» WHAT THIS TASK INVOLVES
Would you return exactly the lines from the top of the data below through the one containing "Slide: The Image", leaving out the pictures?

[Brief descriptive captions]
====
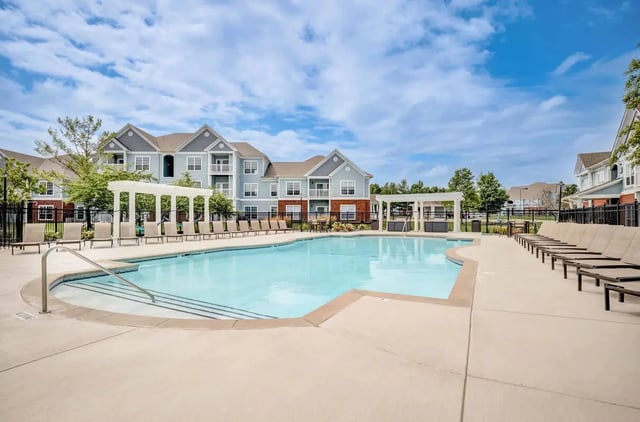 Swimming pool with lounge chairs exterior at The Lodge on the Trail Apartments in West Lafayette Student Accommodation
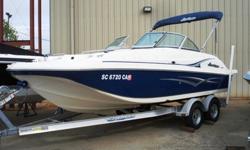 07 20 foot Hurricane Deck Boat loaded and in great condition. This fresh water only boat comes with a huge bimini top, full instrumentation including depth finder, front and rear boarding ladders, stereo, table, snap in carpet, docking lights, stainless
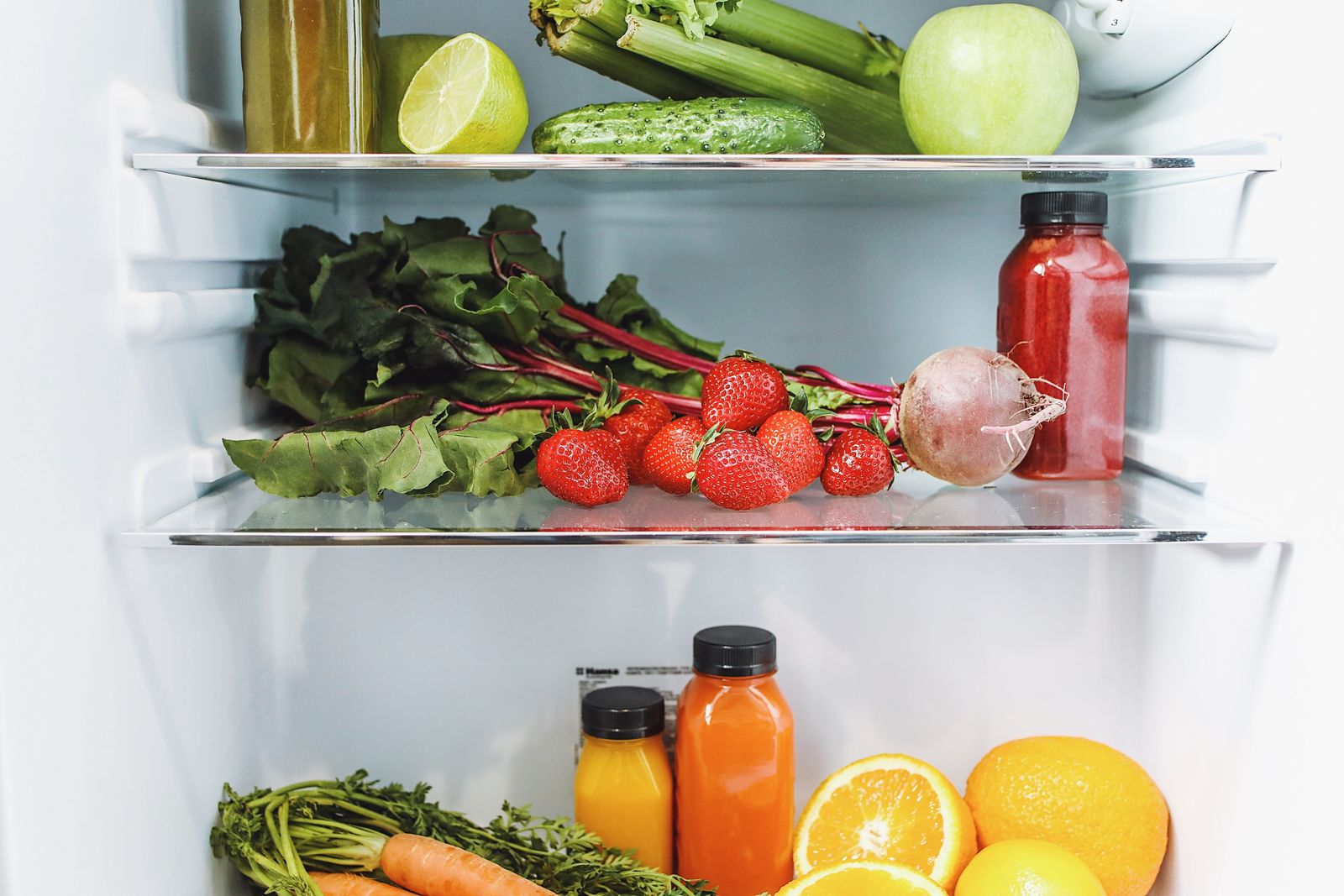 Gemüse, Obst und Säfte in einem geöffneten Kühlschrank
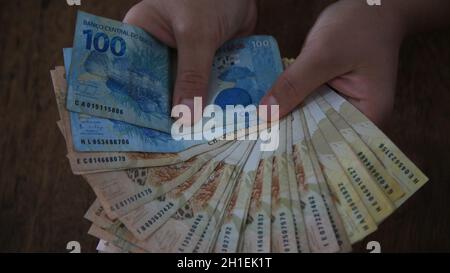 salvador, bahia / brésil - 28 mars 2020 : les mains des femmes détiennent des billets de banque reais, monnaie utilisée au Brésil. Banque D'Images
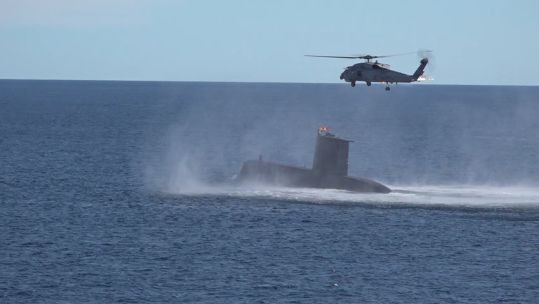 A submarine and Turkish helicopter taking part in Nato's Exercise Steadfast Defender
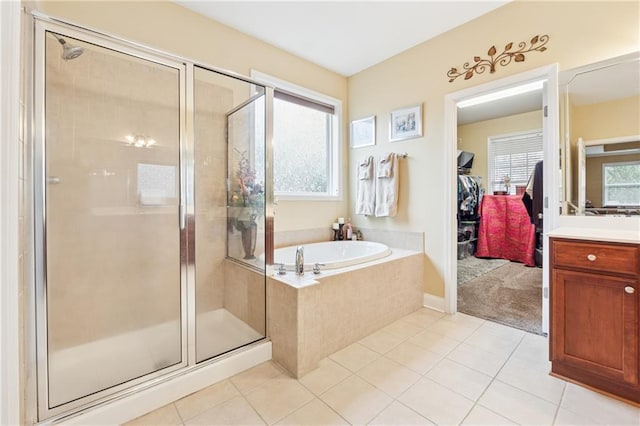 bathroom with a garden tub, tile patterned floors, a healthy amount of sunlight, and a shower stall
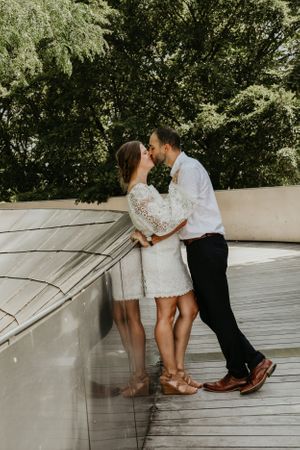 A couple shares an intimate moment on a wooden deck outdoors.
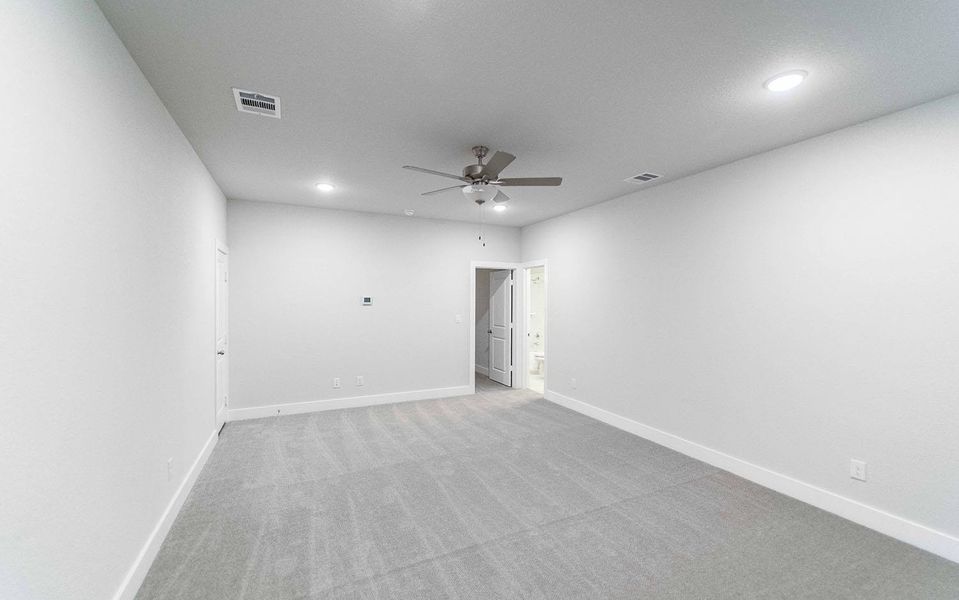 Empty room featuring light carpet, baseboards, visible vents, and ceiling fan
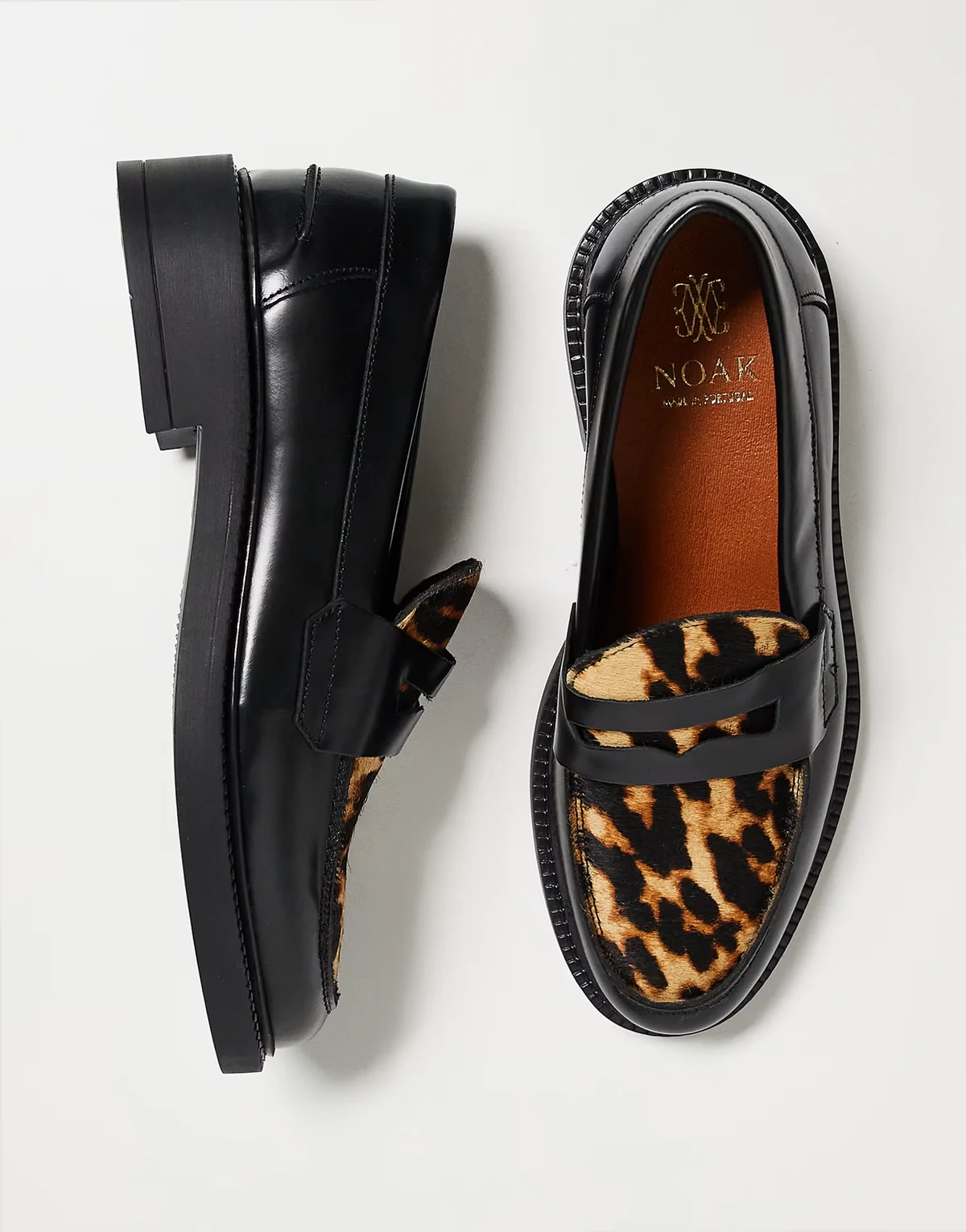 made in Portugal penny loafers in black leather with cow hair vamp in leopard print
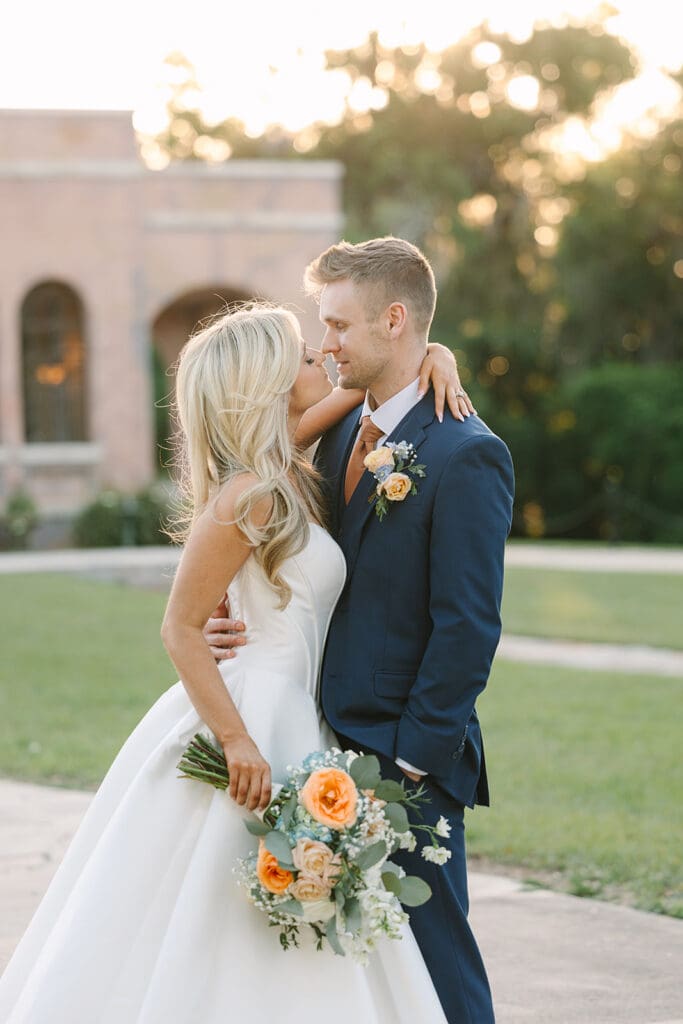bride and groom outdoor wedding portrait at The Howey Mansion captured by Jennifer Holly Photography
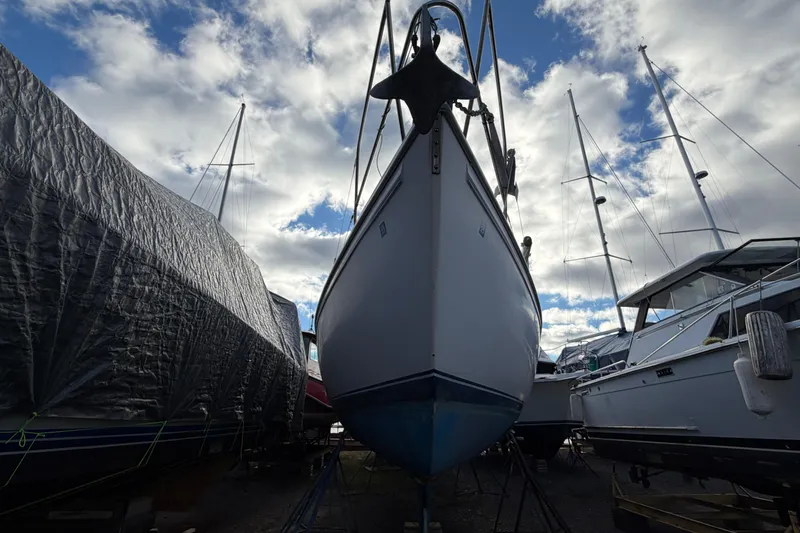 Slide: The Image of 1985 Catalina 36 sailboat in dry dock, surrounded by other boats under a cloudy sky. - 55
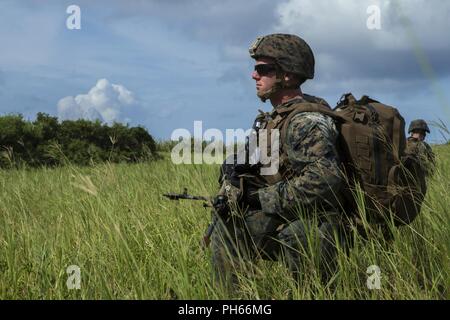 Cpl. Logan Loftis, eine Maschine gunner mit Fox Company, Bataillon Landung Team, 2nd Battalion, 5th Marines, und ein Eingeborener von Sheridon, Arkansas, bietet Sicherheit während eines simulierten Hubschrauber raid als Teil der 31 Marine Expeditionary Unit MEU Übung bei Ie Shima Ausbildungsstätte, Okinawa, Japan, 25. Juni 2018. MEUEX ist das erste in einer Reihe von vor der Bereitstellung Schulungen, die Vorbereitung der 31 Marine Expeditionary Unit in kürzester Zeit bereitstellen. Die 31. MEU, das Marine Corps' nur kontinuierlich vorwärts - bereitgestellt MEU, bietet eine flexible Kraft bereit, eine breite Palette von milita durchführen Stockfoto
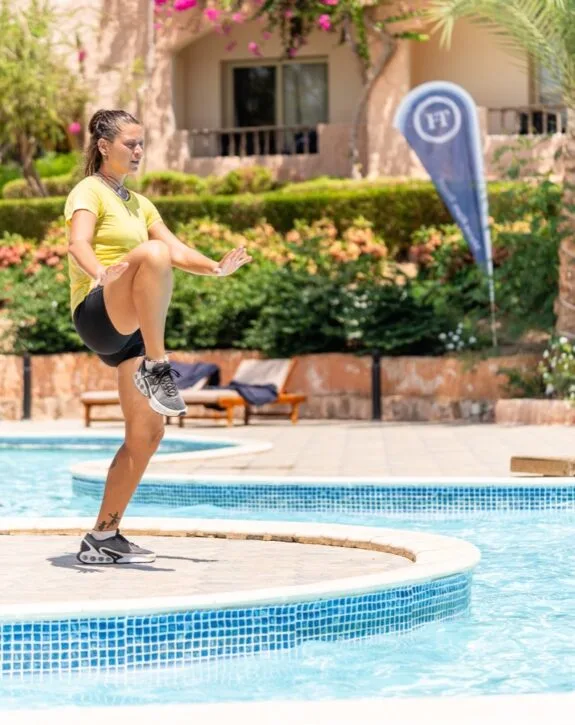Donna che si esercita in equilibrio su una gamba vicino a una piscina in un ambiente esterno soleggiato.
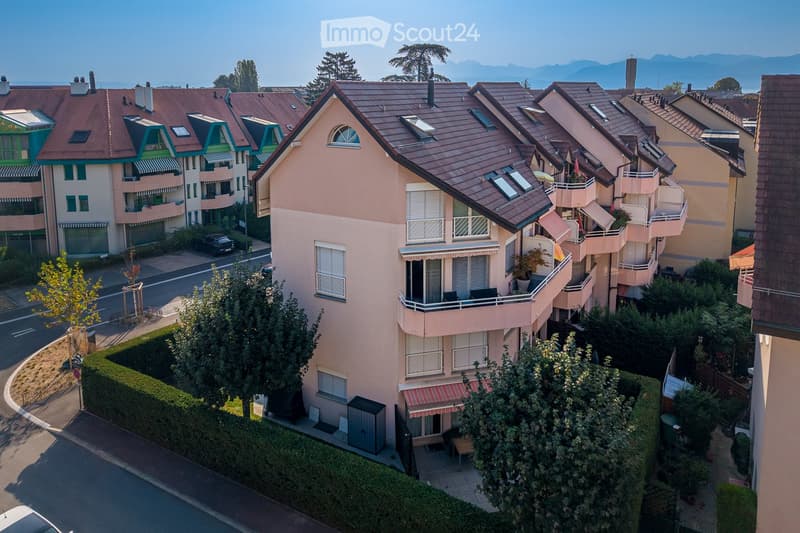 A multi-story residential building with balconies, surrounded by greenery and trees, with a clear view of the mountains in the background.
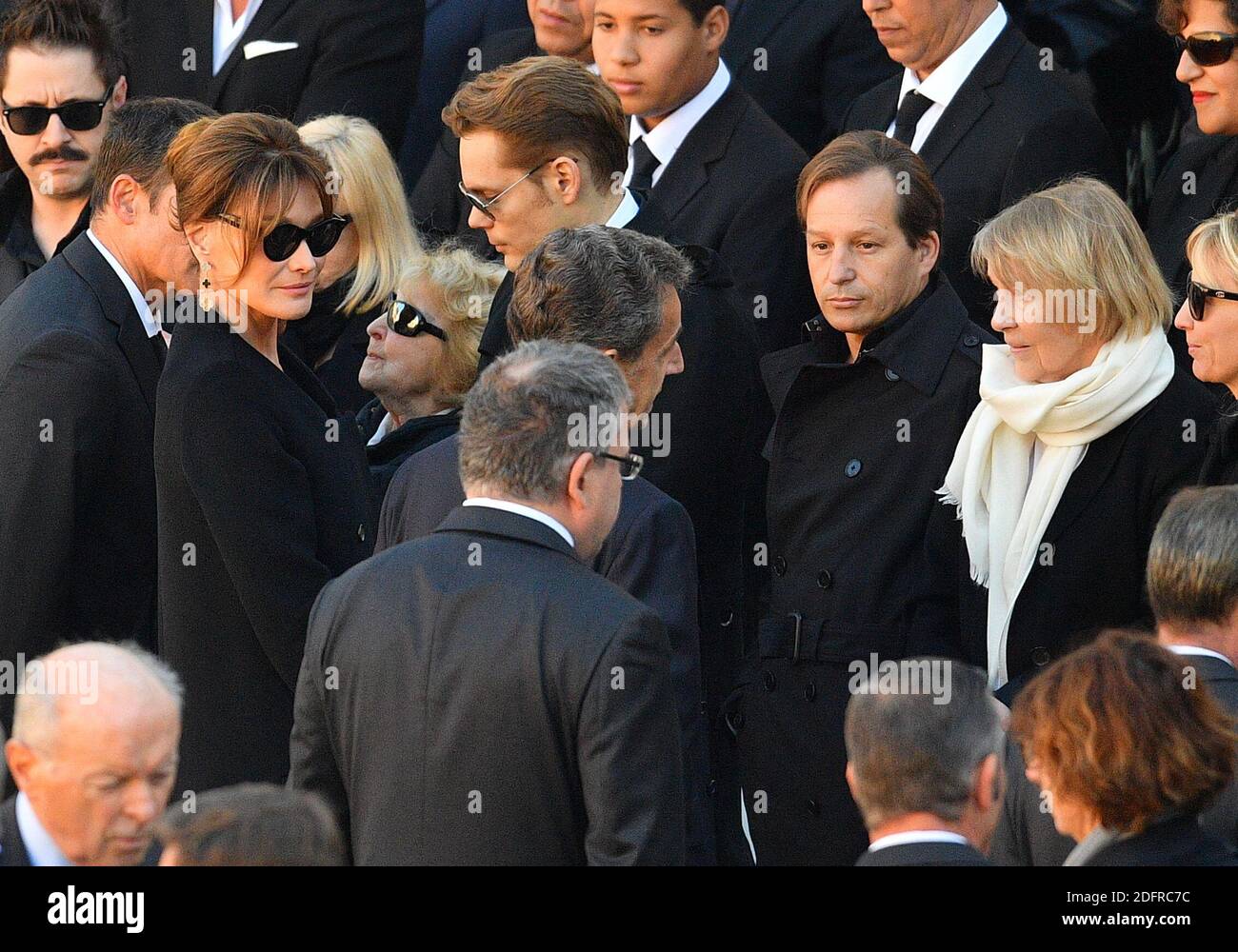 Nicolas Sarkozy and Carla Bruni with Charles Aznavour's daughter Katia, and his widow Ulla Thorsel during the national tribute ceremony to honour French-Armenian singer Charles Aznavour, one of France's most famous stars, who died aged 94, in the courtyard of the Hotel National des Invalides in Paris, France on October 5, 2018. Photo by Christian Liewig/ABACAPRESS.COM Stock Photo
====
» ANSWER BOX
 Swimming pool with lounge chairs exterior at The Lodge on the Trail Apartments in West Lafayette Student Accommodation
 07 20 foot Hurricane Deck Boat loaded and in great condition. This fresh water only boat comes with a huge bimini top, full instrumentation including depth finder, front and rear boarding ladders, stereo, table, snap in carpet, docking lights, stainless
 Gemüse, Obst und Säfte in einem geöffneten Kühlschrank
 salvador, bahia / brésil - 28 mars 2020 : les mains des femmes détiennent des billets de banque reais, monnaie utilisée au Brésil. Banque D'Images
 A submarine and Turkish helicopter taking part in Nato's Exercise Steadfast Defender
 bathroom with a garden tub, tile patterned floors, a healthy amount of sunlight, and a shower stall
 A couple shares an intimate moment on a wooden deck outdoors.
 Empty room featuring light carpet, baseboards, visible vents, and ceiling fan
 made in Portugal penny loafers in black leather with cow hair vamp in leopard print
bride and groom outdoor wedding portrait at The Howey Mansion captured by Jennifer Holly Photography
 Slide: The Image of 1985 Catalina 36 sailboat in dry dock, surrounded by other boats under a cloudy sky. - 55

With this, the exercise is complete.